Murderous Intent: 1/10. Unless it’s a crime to commit wineslaughter, I’m innocent of all charges, occifer.
Kidney Defense: 10/10. My kidneys have remained secure in my back region, and my newfound technique of spinning around violently and at random intervals ensures that no thief will have an easy time of cutting them free. I’m watching you, Jesús the cabdriver…

Saturday Night, 10:00 PM.

Alright, judging by the people around me, I’m pretty sure I’m still in Argentina. And we’re at dinner again, so that means I’m in the right group, because I’m pretty sure we’re always eating.
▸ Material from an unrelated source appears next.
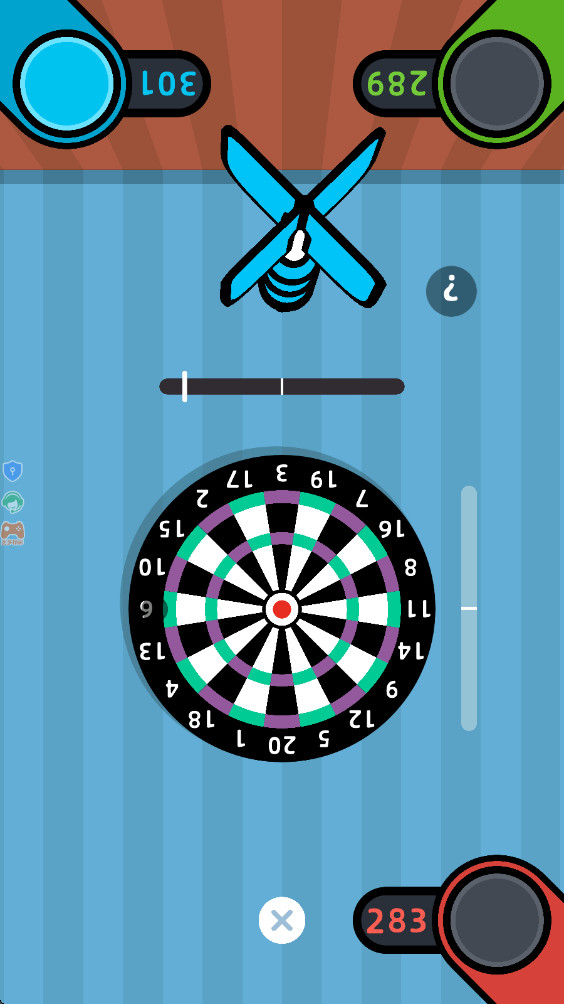 4人迷你对决手游下载截图4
But oh god, no, that waitress person is coming straight for me, and if I’m not mistaken, it’s probably going to speak Spanish at me. No, no, I can handle this. I got 5 hours of sleep last night. And there’s somehow more wine in this country, even though I’m convinced our group drank literally all of it last night. Wine sustain me, here goes nothing.

Spanish Ability: 5/10. Me darías un bistec con almohada por favor? También me gusta ir a la playa durante calabaza, de nada. Verdado. Nailed it.
Physical Capacity to Walk: 3/10. More sitting today has ensured that my legs still function. The wine is again attempting to sabotage this ability, but I will not be denied. There are stairs to climb at the hotel, and I remember that fact tonight.
Murderous Intent: 4/10. I killed it when I bought this dashing long-sleeved collared shirt! I may strangle someone with it too if I don’t get 6 hours of sleep tonight.
Ebonics Learned: 9/10. Although my delivery is stilted and still very much in the “Honkey” spectrum of the dialect, I have learned some key phrases like “She’s giving me Christmas,” and “I’m not about that life.” Damn, it feels phenomenal to be a gangster.

Sunday Night, 10:00 PM.

On bus. Go home now. Word hard. Spanish fail. Sleep bueno.
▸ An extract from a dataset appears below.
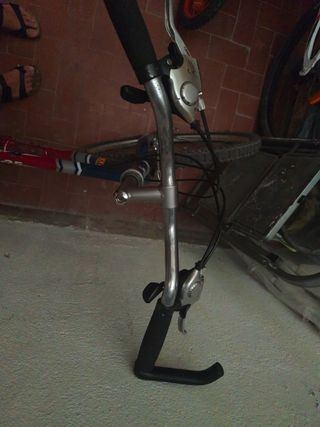 Bicicleta Conor XC25 montaña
Spanish Ability: -2/10. No, YOU shut up and give me the hamburguesa with queso, por favor!  Does no one speak American around here!?
Physical Capacity to Walk: 0/10. I believe I was carried to my bus seat. There is no conformation of this aside from the shoulder marks embedded in my stomach. Those could be from anything.
Murderous Intent: 9/10. In most countries, I would be considered feral right now and put down for society’s sake. Thankfully, I’m not in most countries.
Bus Loathing: 93/4 /10. Ha, Harry Potter. Nailed it again.